この記事では、身内の人が亡くなったときに「誰が相続税の申告をしなければならないのか?」
そして、「誰が相続税を支払わなければならないのか?」
また、「いつまでに支払わなければならないのか?」について解説いたします。
相続税の申告が必要な人と課税対象財産とは
まずは、相続税について概略を説明します。
相続税は、相続により遺産を受け取った人が、受け取った遺産に対して課される税金です。
しかし、すべての人が相続税の課税の対象になるかというとそうではありません。
相続税には控除額があり、被相続人の遺産が控除額を上回った場合に相続税の課税対象となります。
相続税の基礎控除の計算方法
基礎控除は次のように計算します。
基礎控除=3,000万円+600万円×法定相続人の数
つまり、法定相続人が4名の場合は3,000万円+600万円×4=5,400万円となり、被相続人の遺産が5,400万円までであれば相続税が課税されません。
結果、相続税の申告も不要となります。
この法定相続人の数には、家庭裁判所に相続放棄をした法定相続人の数も含みます。
また、養子縁組した養子も法定相続人の数に含めることができます。
しかし、無制限に含めてしまいますと相続税を逃れるために養子を増やすということになりかねないので、実の子がいる場合は1人まで、実の子がいない場合には2人までと決められています。
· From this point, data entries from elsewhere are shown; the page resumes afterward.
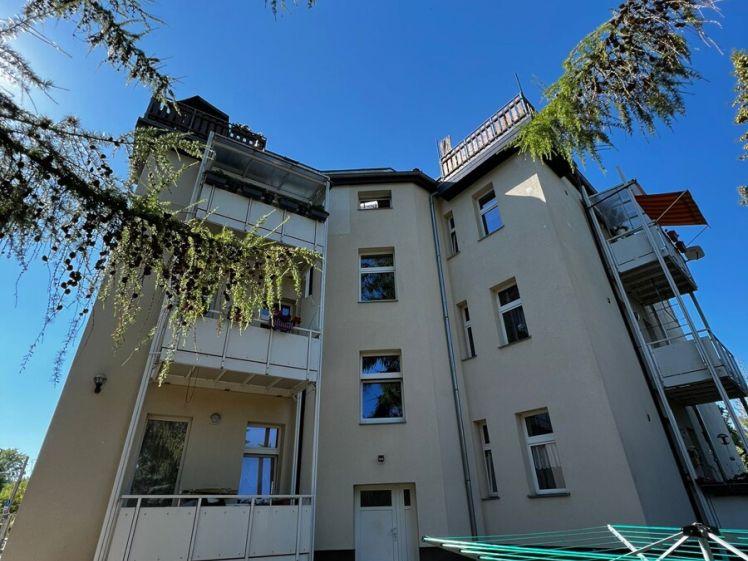 Tolle 2-Raumwohnung in ruhiger Lage! - Photo 1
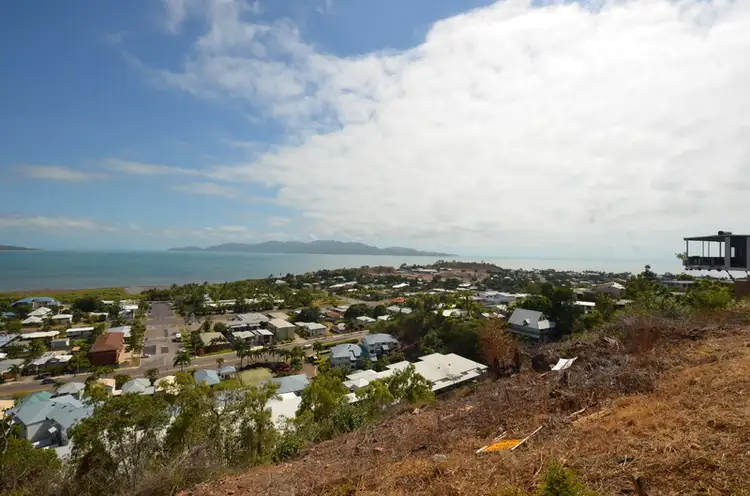 Second view of Homely land listing, 19 Braemar Crescent, Castle Hill QLD 4810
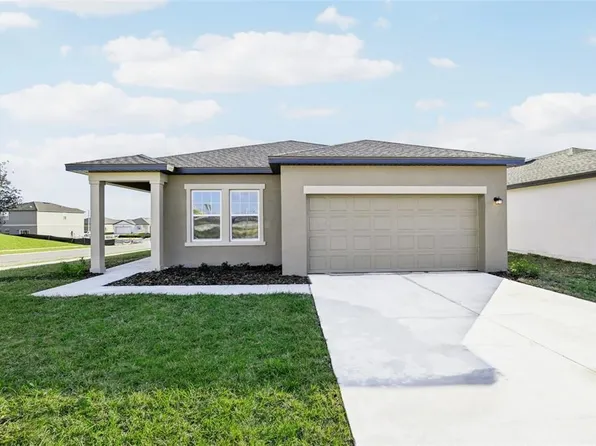 3235 Carnation Ave, Lake Hamilton, FL 33851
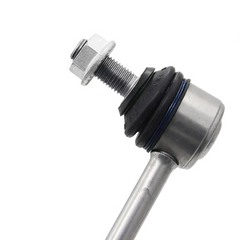 Front Balance Rod Ball Head Set Left   37116771929 37116857627 37116859653 & Right 37116771930 37116857628 37116859654 Compatible With BMW For X5 E70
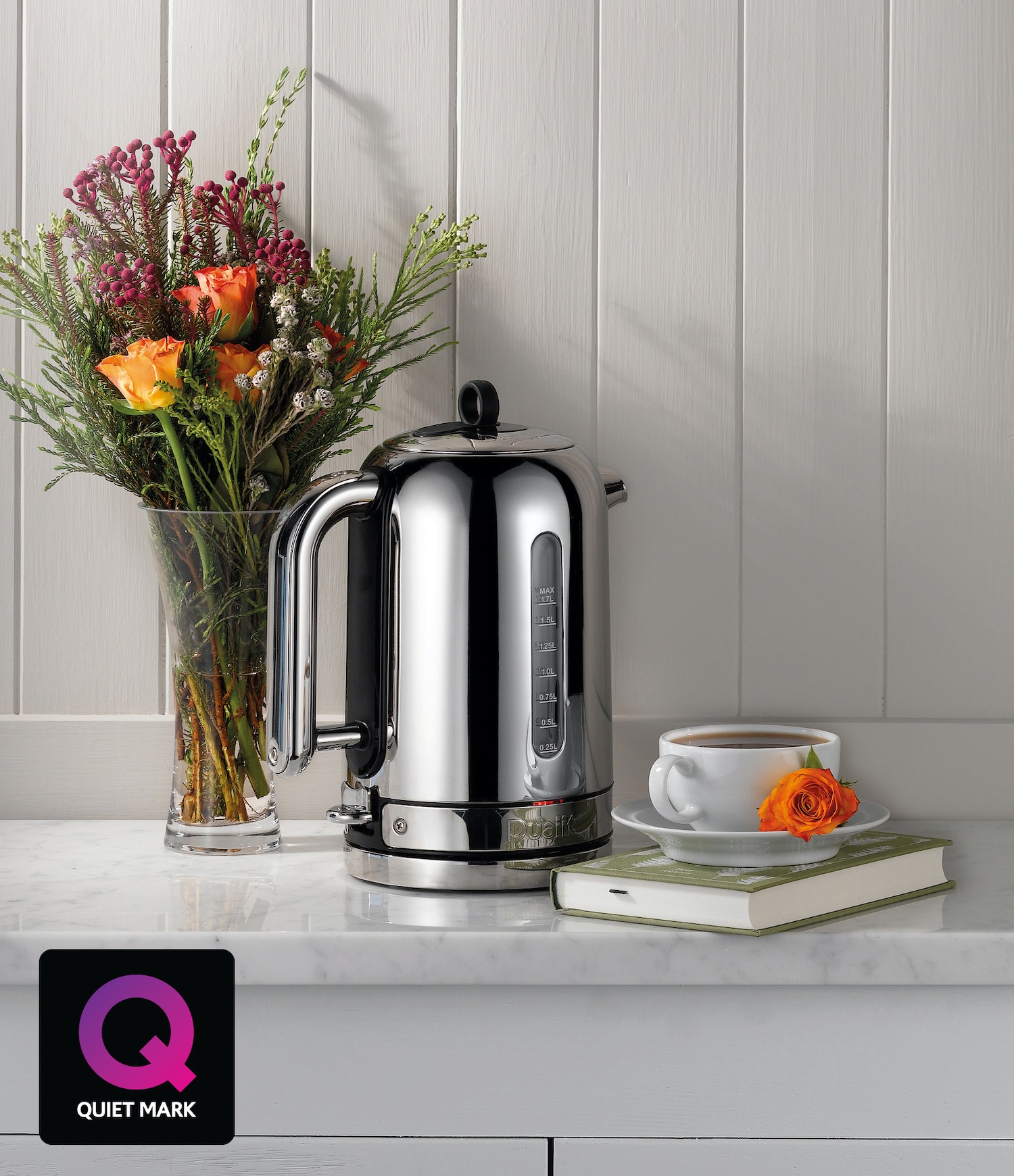 Dualit Classic Kettle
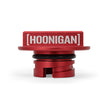 Mishimoto Ford Mustang EcoBoost 2015+/Ford Focus ST 2013+ Hoonigan Oil Filler Cap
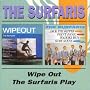 Wipe Out/The Surfaris Play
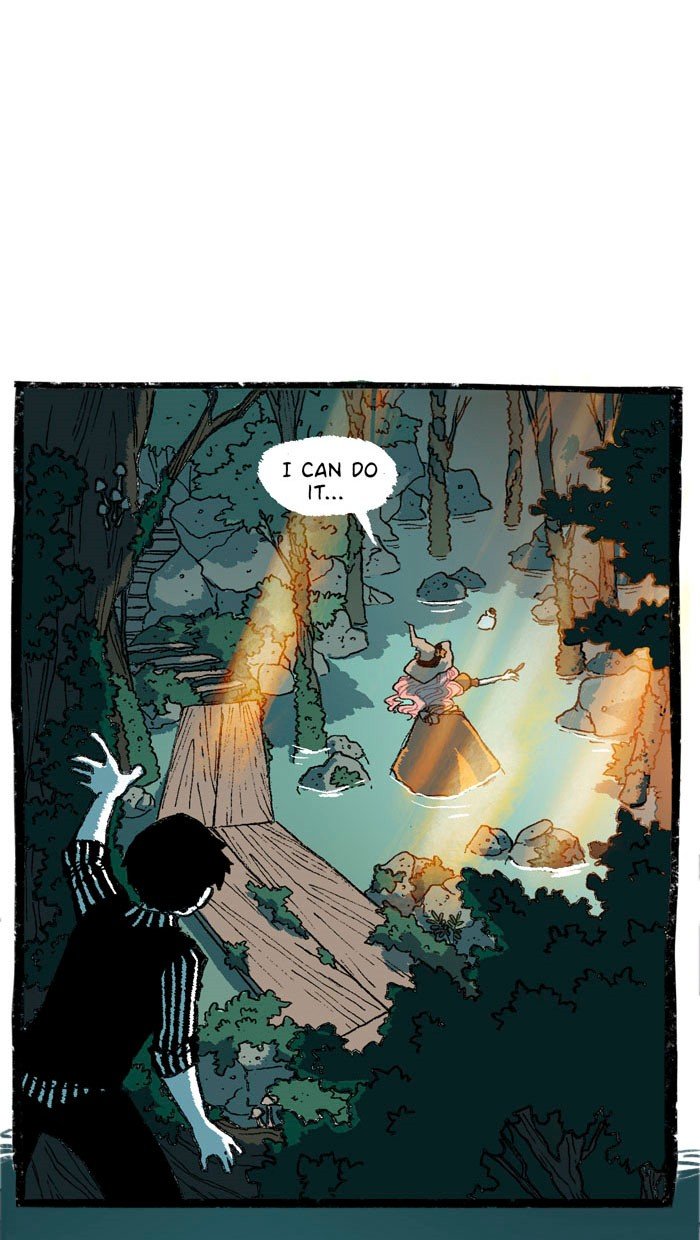 Read Hooky en Manga Online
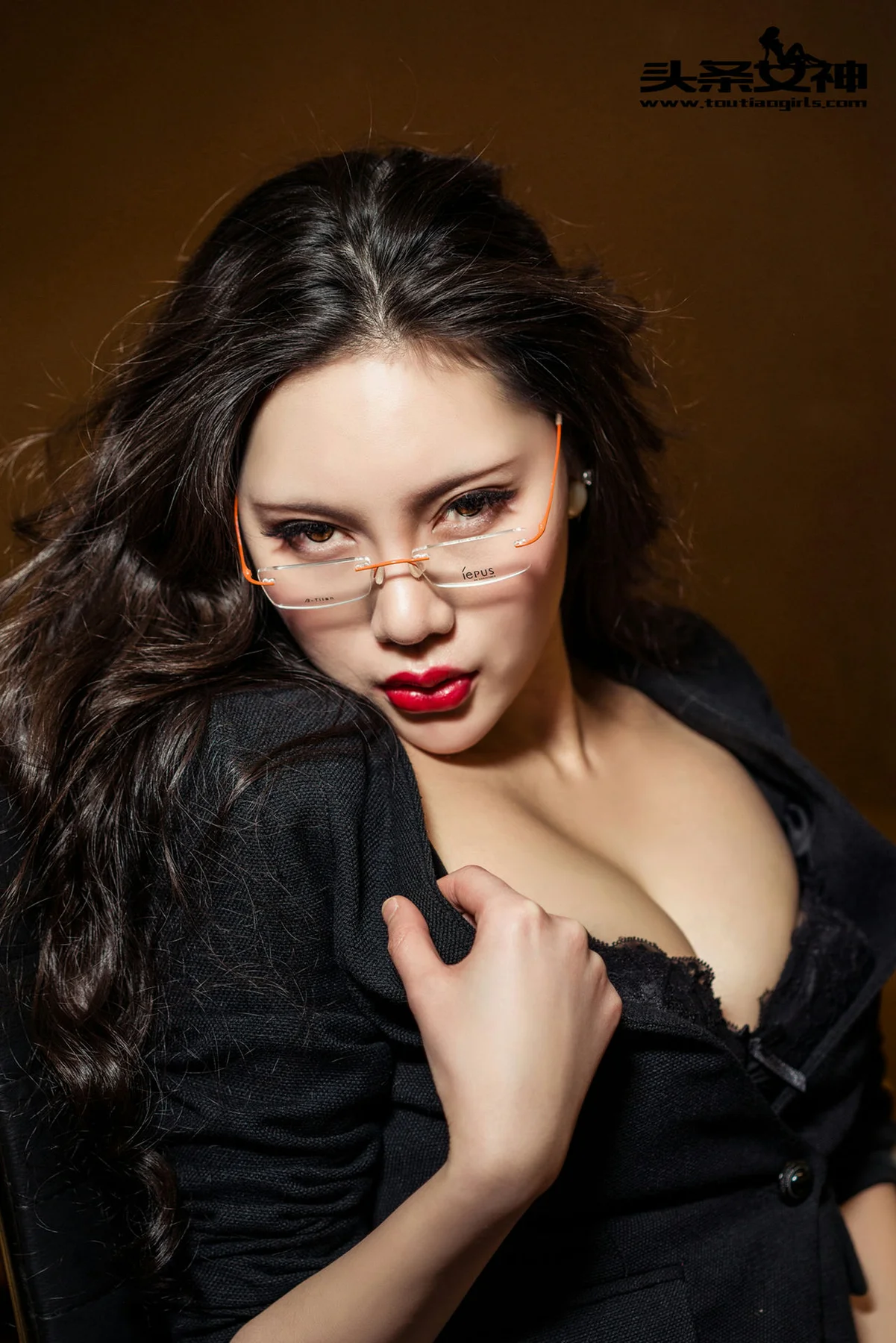 Goddes 头条女神 No.133 Modo 米娅 - 9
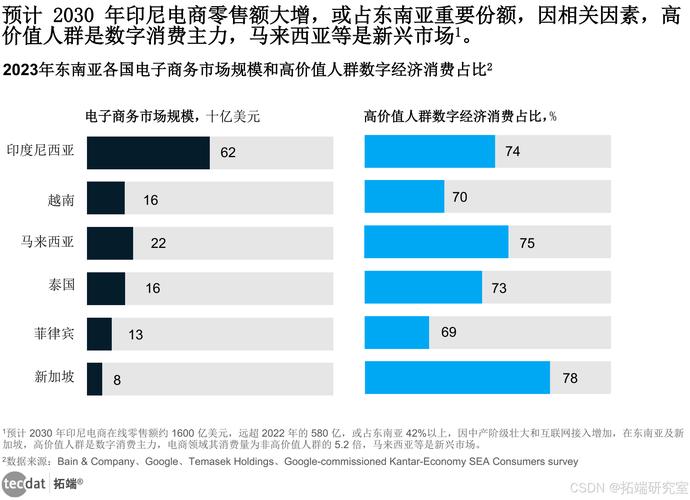 在东南亚国家怎么做电商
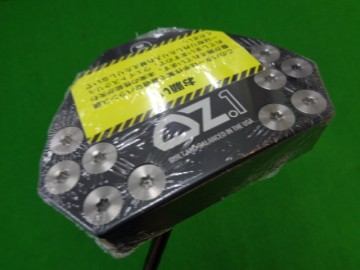L.A.B.GOLF OZ.1【新発売】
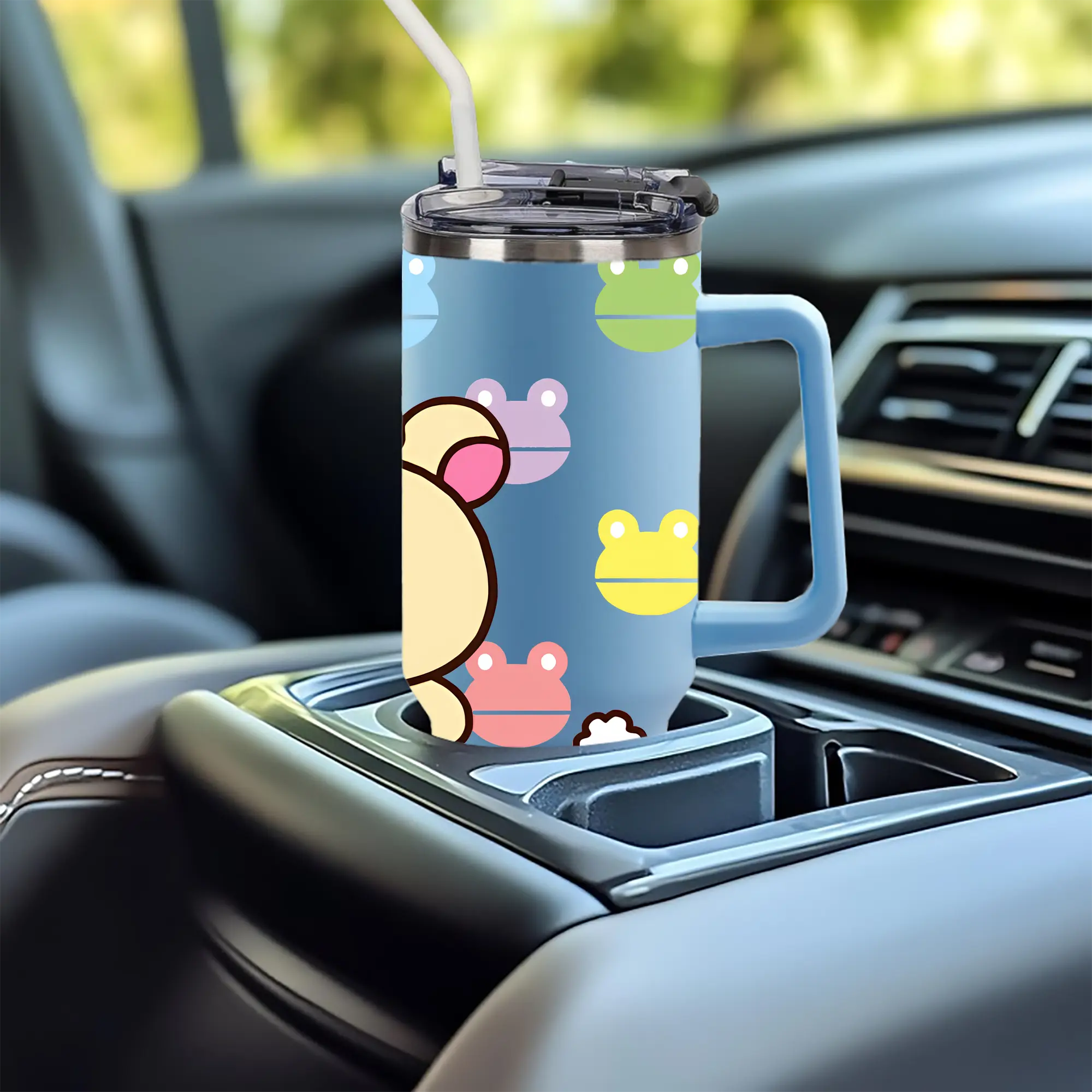 リラックマ (Rilakkuma) グッズ コリラックマ (Korirakkuma)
なお、遺産が基礎控除の額を上回った場合は必ず相続税の申告が必要となります。
相続税がかかる財産とは?
次に相続財産について具体的にみていきましょう。
相続税がかかる財産とは以下の3つです。
- ①相続や贈与によって取得した財産
- ②相続開始から3年以内に受け取った、暦年課税による贈与として取得した財産
- ③相続時精算課税によって取得した財産
そして、相続税がかかる財産とは金銭価値として換価できるすべての財産があてはまります。
相続財産は大きく分けてプラスの遺産とマイナスの遺産に分類されます。
プラスの遺産は加算し、マイナスの遺産を減額し遺産の総額を計算していきます。
プラスの遺産
不動産・預貯金・現金・有価証券・外貨・貴金属・美術品・骨とう品・自動車・将来の債権(売掛金、貸付金、約束手形など)・知的財産権(特許権、商標権、著作権など)・地位(損害賠償請求権など)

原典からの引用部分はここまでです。